+++ Entries shown
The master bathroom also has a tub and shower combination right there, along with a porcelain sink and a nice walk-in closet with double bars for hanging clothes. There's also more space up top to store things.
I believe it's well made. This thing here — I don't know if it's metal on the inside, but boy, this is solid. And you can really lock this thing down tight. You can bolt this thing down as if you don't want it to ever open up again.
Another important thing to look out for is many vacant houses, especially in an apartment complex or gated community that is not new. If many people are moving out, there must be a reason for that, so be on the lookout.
++++++
+++ Entries shown
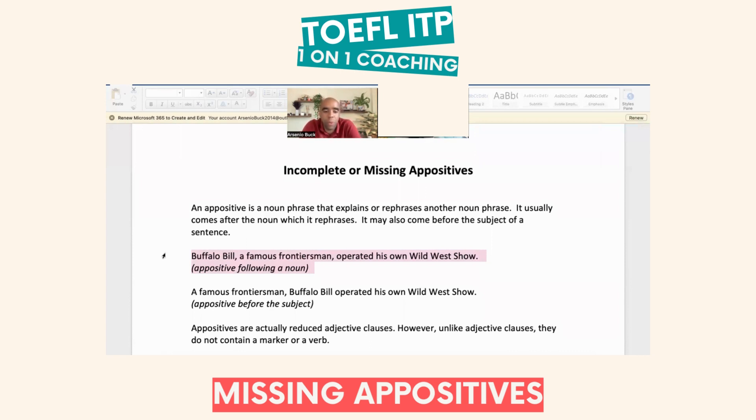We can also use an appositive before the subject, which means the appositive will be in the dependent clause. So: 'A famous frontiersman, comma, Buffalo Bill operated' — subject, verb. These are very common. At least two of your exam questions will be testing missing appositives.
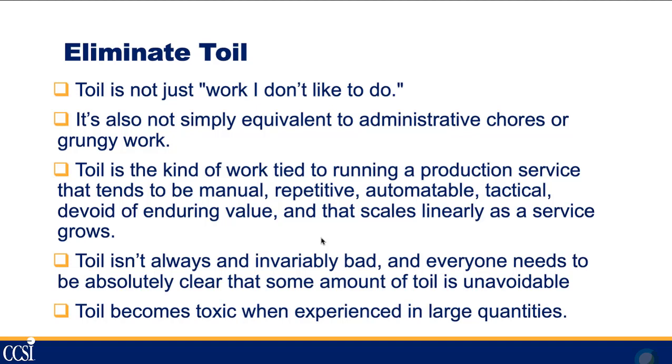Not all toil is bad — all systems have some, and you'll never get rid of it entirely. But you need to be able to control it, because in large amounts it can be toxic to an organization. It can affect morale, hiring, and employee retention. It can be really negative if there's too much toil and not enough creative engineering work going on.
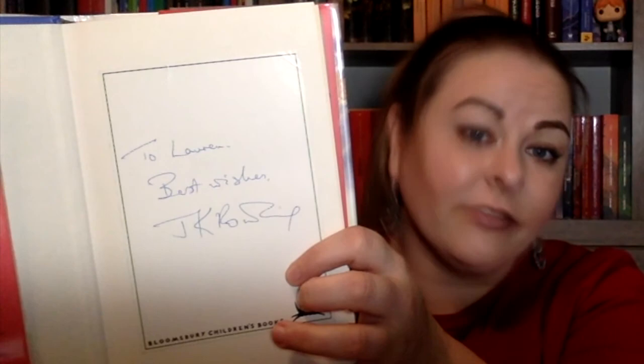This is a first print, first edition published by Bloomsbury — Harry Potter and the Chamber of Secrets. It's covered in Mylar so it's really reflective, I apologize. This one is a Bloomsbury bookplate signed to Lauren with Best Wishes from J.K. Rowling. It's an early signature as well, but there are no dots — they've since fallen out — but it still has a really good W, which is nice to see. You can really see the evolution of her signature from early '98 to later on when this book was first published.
++++++
### Task to complete
Above are entries with pictures among them. Write out exactly the lines from the one containing "Not all toil" through the one containing "This is a first", ends included, and leave those pictures out.

### Exercise solution
Not all toil is bad — all systems have some, and you'll never get rid of it entirely. But you need to be able to control it, because in large amounts it can be toxic to an organization. It can affect morale, hiring, and employee retention. It can be really negative if there's too much toil and not enough creative engineering work going on.
This is a first print, first edition published by Bloomsbury — Harry Potter and the Chamber of Secrets. It's covered in Mylar so it's really reflective, I apologize. This one is a Bloomsbury bookplate signed to Lauren with Best Wishes from J.K. Rowling. It's an early signature as well, but there are no dots — they've since fallen out — but it still has a really good W, which is nice to see. You can really see the evolution of her signature from early '98 to later on when this book was first published.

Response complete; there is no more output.